Records for this task START

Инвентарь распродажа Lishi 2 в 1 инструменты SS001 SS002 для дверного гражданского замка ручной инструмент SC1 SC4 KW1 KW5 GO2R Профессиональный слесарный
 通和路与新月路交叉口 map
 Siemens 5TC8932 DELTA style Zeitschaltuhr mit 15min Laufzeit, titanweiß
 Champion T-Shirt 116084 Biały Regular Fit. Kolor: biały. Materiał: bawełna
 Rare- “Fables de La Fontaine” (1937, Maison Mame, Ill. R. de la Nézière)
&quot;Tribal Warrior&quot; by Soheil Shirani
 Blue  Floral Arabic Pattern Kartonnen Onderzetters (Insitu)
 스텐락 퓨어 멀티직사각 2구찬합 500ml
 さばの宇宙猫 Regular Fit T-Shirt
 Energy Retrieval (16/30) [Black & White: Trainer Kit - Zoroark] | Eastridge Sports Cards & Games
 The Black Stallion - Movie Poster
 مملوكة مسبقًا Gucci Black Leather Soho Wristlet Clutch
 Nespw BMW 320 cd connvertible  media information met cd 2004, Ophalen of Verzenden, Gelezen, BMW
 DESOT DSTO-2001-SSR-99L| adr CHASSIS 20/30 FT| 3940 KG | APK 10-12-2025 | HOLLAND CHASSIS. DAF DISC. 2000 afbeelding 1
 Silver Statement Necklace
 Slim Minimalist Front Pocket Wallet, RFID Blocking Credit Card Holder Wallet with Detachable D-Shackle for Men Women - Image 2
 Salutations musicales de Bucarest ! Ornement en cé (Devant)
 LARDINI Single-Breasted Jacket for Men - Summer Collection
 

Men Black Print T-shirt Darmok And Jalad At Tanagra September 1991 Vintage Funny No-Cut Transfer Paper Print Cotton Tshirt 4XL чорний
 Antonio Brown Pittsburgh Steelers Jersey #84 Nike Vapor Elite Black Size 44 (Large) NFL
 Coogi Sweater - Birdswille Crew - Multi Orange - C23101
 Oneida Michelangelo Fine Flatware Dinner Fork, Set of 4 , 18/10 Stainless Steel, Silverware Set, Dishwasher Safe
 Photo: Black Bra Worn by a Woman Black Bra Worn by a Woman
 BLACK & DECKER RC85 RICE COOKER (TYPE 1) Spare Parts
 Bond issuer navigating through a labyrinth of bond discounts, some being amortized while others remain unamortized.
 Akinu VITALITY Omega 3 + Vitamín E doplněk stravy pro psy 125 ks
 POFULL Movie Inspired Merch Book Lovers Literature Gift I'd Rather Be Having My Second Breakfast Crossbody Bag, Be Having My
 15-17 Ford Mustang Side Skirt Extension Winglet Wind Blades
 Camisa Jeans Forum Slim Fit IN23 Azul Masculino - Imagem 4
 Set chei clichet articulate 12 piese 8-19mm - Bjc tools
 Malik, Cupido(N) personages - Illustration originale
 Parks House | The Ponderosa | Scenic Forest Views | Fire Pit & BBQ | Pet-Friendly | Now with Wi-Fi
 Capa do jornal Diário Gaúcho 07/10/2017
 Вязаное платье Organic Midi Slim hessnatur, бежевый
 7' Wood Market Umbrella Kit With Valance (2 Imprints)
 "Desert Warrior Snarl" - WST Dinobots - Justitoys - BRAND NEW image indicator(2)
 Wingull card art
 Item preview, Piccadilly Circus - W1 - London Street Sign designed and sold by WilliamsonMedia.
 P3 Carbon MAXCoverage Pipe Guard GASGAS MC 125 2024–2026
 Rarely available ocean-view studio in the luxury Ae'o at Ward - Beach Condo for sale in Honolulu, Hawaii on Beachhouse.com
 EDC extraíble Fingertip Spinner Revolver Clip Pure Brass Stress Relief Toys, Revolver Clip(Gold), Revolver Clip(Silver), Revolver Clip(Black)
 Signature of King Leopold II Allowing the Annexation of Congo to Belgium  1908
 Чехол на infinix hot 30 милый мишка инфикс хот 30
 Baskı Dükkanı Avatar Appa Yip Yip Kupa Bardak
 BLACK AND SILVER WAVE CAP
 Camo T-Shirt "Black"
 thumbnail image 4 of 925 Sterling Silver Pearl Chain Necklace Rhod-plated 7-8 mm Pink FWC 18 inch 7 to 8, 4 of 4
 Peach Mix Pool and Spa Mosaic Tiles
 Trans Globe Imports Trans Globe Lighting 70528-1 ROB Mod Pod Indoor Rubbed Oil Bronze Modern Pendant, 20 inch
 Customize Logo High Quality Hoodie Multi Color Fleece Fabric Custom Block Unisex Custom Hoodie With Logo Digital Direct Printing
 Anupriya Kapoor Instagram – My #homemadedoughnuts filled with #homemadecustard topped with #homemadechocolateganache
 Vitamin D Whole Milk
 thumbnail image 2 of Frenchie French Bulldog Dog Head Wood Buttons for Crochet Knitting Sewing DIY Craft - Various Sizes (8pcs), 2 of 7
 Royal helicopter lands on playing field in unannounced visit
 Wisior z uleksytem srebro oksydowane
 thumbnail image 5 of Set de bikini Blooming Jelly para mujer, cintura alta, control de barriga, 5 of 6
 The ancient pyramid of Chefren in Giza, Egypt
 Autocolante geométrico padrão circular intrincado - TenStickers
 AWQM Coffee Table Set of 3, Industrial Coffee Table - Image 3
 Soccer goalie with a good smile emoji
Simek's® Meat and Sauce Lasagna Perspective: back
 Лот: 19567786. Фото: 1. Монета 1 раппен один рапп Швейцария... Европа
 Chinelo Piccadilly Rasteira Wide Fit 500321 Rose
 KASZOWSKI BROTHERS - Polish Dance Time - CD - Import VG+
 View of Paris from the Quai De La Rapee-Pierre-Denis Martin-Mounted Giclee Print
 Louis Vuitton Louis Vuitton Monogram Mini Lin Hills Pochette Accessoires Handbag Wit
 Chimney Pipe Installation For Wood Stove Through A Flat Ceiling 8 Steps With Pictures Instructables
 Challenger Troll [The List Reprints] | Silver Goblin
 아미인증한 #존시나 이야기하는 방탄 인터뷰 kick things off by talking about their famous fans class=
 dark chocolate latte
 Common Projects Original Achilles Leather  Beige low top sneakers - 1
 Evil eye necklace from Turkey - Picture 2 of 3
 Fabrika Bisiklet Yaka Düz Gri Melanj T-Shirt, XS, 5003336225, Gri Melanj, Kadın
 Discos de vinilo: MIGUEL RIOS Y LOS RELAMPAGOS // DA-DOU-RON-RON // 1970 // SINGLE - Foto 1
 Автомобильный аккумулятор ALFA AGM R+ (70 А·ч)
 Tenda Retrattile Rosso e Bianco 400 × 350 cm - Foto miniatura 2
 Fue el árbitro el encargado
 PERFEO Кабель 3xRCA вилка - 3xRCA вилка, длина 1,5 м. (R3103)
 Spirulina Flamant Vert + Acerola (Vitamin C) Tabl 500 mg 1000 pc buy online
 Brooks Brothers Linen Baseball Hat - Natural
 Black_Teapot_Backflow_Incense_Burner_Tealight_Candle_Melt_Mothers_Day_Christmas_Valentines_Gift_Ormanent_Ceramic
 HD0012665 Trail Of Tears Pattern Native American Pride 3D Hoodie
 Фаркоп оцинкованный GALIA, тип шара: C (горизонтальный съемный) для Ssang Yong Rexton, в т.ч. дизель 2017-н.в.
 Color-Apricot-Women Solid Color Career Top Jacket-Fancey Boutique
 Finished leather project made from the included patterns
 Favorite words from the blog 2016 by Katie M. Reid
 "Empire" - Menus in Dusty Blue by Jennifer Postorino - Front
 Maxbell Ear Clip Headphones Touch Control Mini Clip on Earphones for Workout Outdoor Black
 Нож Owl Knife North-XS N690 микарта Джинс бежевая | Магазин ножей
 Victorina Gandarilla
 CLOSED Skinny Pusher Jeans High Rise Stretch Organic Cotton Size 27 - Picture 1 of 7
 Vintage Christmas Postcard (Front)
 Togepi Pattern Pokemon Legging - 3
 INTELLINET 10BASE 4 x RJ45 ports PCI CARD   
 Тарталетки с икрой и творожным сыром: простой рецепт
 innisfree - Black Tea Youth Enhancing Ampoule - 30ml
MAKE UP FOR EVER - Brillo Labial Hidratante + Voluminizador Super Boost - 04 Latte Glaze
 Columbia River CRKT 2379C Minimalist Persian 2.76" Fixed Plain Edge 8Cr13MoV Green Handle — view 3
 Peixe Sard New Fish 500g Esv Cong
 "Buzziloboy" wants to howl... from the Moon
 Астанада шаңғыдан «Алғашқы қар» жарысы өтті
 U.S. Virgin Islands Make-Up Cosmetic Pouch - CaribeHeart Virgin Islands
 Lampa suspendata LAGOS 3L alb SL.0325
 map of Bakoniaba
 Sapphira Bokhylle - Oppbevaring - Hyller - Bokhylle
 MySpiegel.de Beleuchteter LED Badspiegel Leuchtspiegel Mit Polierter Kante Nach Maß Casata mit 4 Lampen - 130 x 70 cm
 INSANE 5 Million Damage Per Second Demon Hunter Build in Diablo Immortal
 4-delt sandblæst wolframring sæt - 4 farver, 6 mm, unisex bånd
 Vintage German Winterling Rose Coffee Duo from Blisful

Records for this task END

-- Task instructions --
Look for the word "Hoodie" throughout the material above and copy every line that has it.

-- Exercise solution --
 Customize Logo High Quality Hoodie Multi Color Fleece Fabric Custom Block Unisex Custom Hoodie With Logo Digital Direct Printing
 HD0012665 Trail Of Tears Pattern Native American Pride 3D Hoodie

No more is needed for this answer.